Stick and ball games date back to pre-Christian times and include the Irish game of hurling, the Scottish game of shinty, and various versions of field hockey. A 1797 engraving was unearthed by Swedish sports historians Carl Giden and Patrick Houda, and shows a person on ice skates with a stick and "bung" on the River Thames, probably done in December of 1796. British soldiers and immigrants to Canada and the US brought with them their stick and ball games and played them on the snow and ice during the long winters. A mid-1830's watercolor portrays a New Brunswick (Canada) lieutenant governor, and his family, playing a stick-on-ice game with British soldiers. In 1859, A Boston Globe article referred to an early game of hockey played on ice in Halifax (Nova Scotia) of that year.
Wherever the early game of hockey did start, the center for the more modern game is clearly in Montreal where the first organized indoor game was played in March of 1875. The McGill University Ice Hockey Club is the first known official group and was organized in 1878. The popularity of the sport grew by leaps and bounds. And by 1893, there were more than 100 hockey clubs in Montreal alone. The oldest indoor rink still in use today is Boston's Matthew Arena which dates back to 1910.

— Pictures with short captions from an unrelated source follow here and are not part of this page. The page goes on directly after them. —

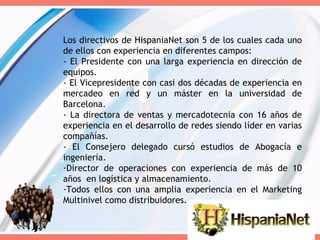Los directivos de HispaniaNet son 5 de los cuales cada uno de ellos con experiencia en diferentes campos: - El Presidente con una larga experiencia en dirección de equipos. - El Vicepresidente con casi dos décadas de experiencia en mercadeo en red y un máster en la universidad de Barcelona. - La directora de ventas y mercadotecnia con 16 años de experiencia en el desarrollo de redes siendo líder en varias compañías. - El Consejero delegado cursó estudios de Abogacía e ingeniería. Director de operaciones con experiencia de más de 10 años  en logística y almacenamiento. Todos ellos con una amplia experiencia en el Marketing Multinivel como distribuidores. 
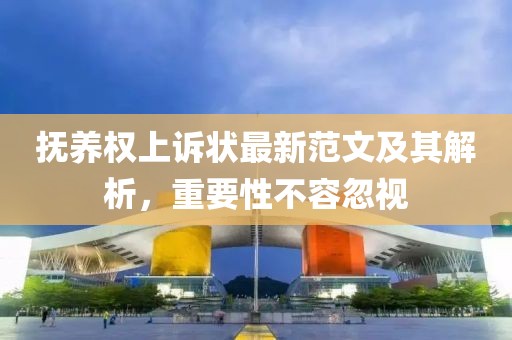 抚养权上诉状最新范文及其解析，重要性不容忽视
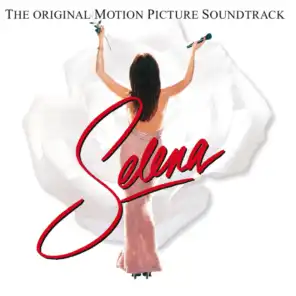 Selena The Original Motion Picture Soundtrack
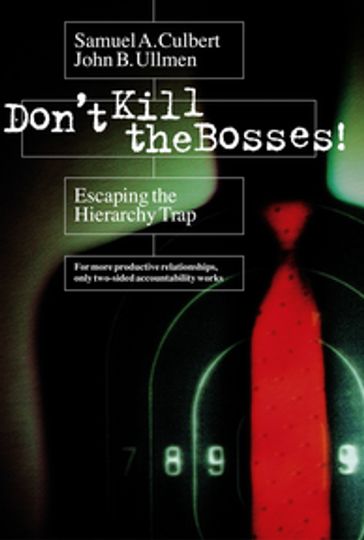 Don't Kill the Bosses! - Samuel A. Culbert - John B. Ullmen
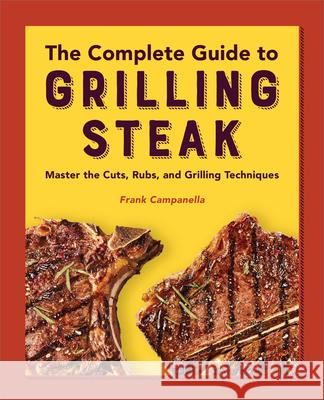 The Complete Guide to Grilling Steak Cookbook: Master the Cuts, Rubs, and Grilling Techniques Frank Campanella 9781638781981 Rockridge Press - książka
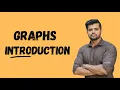 Introduction to Graphs Data Structure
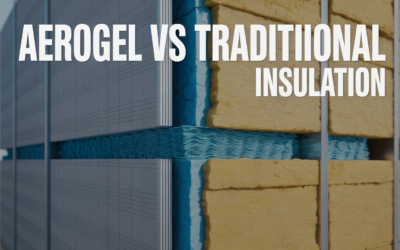 Why Aerogel Insulation Outperforms Traditional Insulation Materials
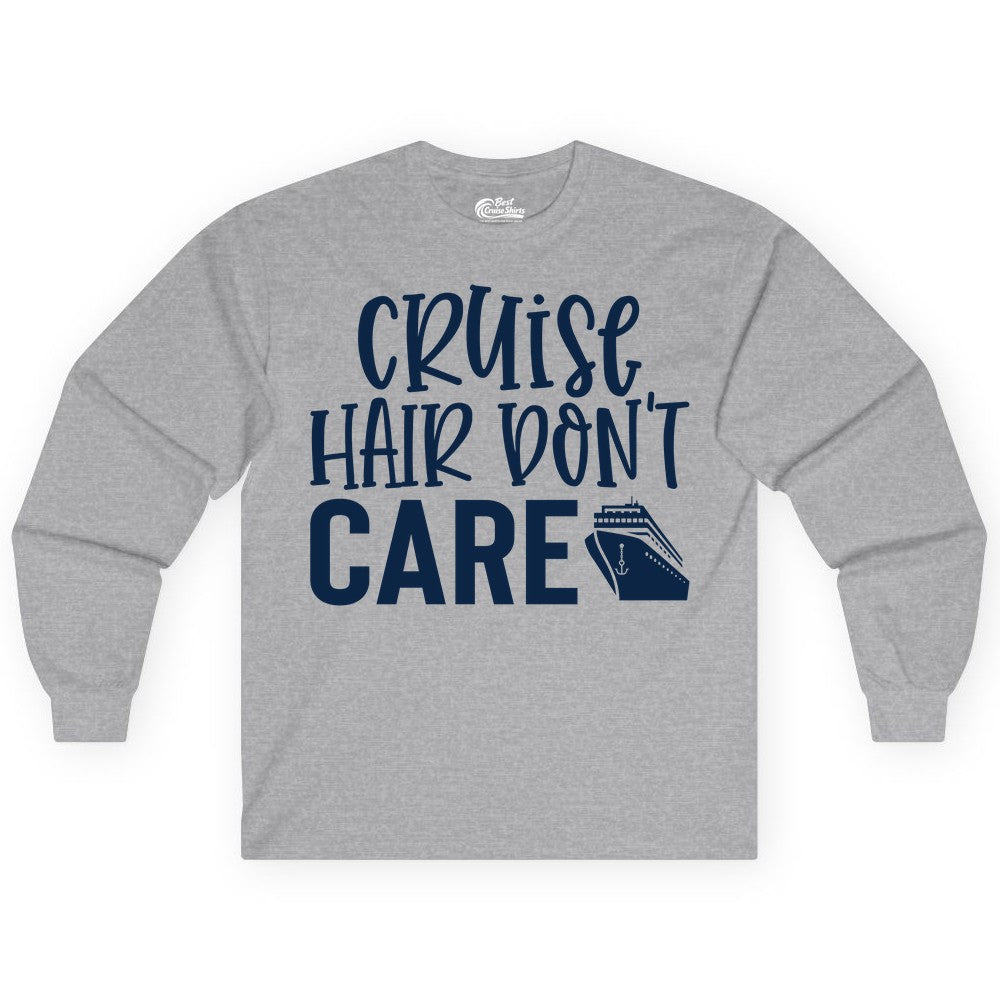 Cruise Hair Dont Care Shirt - Funny Cruise Apparel Vacation Tee (Long Sleeve) in Sport Grey - Cruise Hair Dont Care Shirt - Playful Vacation Slogan with Ship Graphic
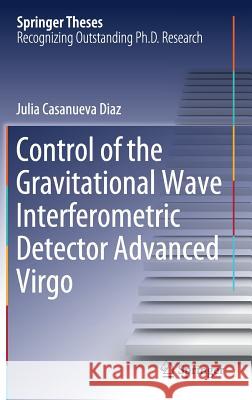 Control of the Gravitational Wave Interferometric Detector Advanced Virgo Julia Casanuev 9783319960135 Springer - książka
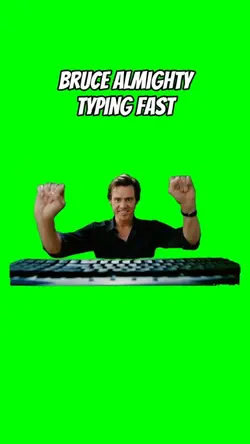 Bruce typing fast 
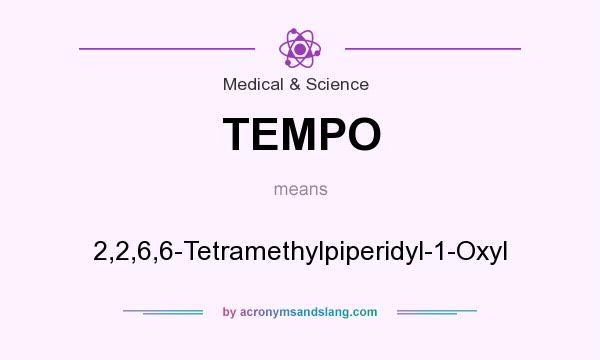 What does TEMPO mean? It stands for 2,2,6,6-Tetramethylpiperidyl-1-Oxyl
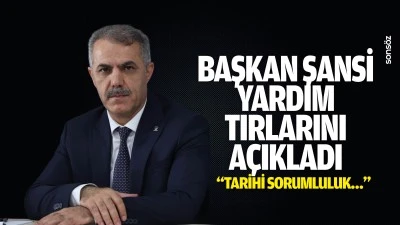 Başkan Şansi, yardım tırlarını a&ccedil;ıkladı: &ldquo;Tarihi sorumluluk&hellip;&rdquo;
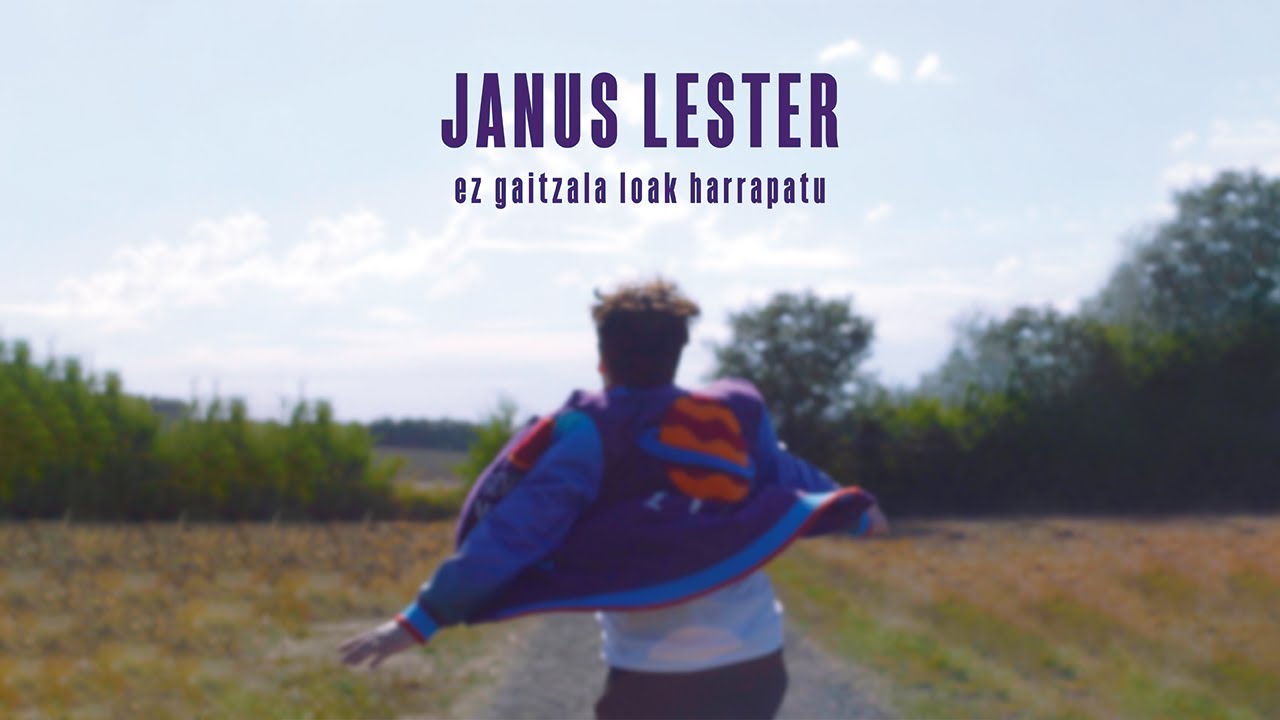 JANUS LESTER - Ez gaitzala loak harrapatu
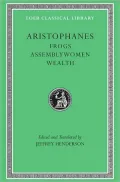 Volume IV, Frogs. Assemblywomen. Wealth (Loeb Classical Library), Vol. 4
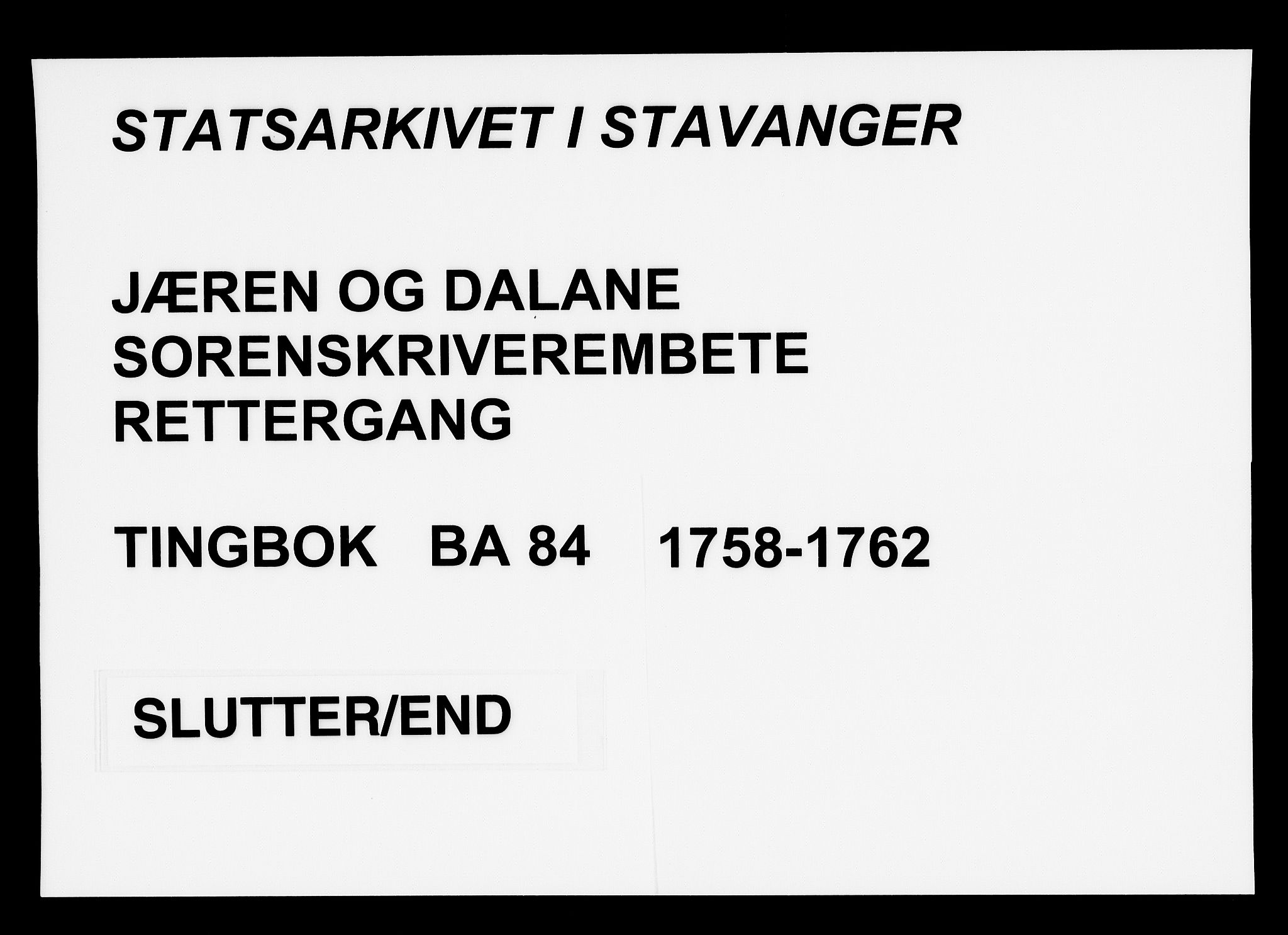 Jæren og Dalane sorenskriveri, SAST/A-100306/3/30/30BA/L0084: TINGBOK, 1758-1762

Professional ice hockey has been around since the early 20th century. The uniforms and protective gear has been significantly improved over the years, thank goodness, but the game of hockey is virtually the same as it's always been. It's a fast-moving game and fun to watch. I could do without all the extra "action" though as today's modern games have become a little too "physical" for my own taste. But, I don't think I have much to worry with little Quigley's froglet hockey team.
I'm getting the blades on my ice skates sharpened today and I'm looking forward to spending time on the ice with little bro' and his friends. It's been awhile since I've been on skates and I wonder if I'll even be able to stand up on them. No matter what your plans are this weekend, I hope you'll be able to enjoy spending time with your family and friends. And if a somewhat-violent, physically-challenging sport played on ice isn't exactly your idea of a good time, you can always play something a little more sedate. Checkers, chess, Monopoly, and many other board games abound and are a fun way to pass the time on a cold wintry weekend. Come to think of it, the next time Quigley wants me to play a game with him, I think I'll suggest Candyland.....
I wish you all a pleasant weekend and i hope to see you back here on Monday!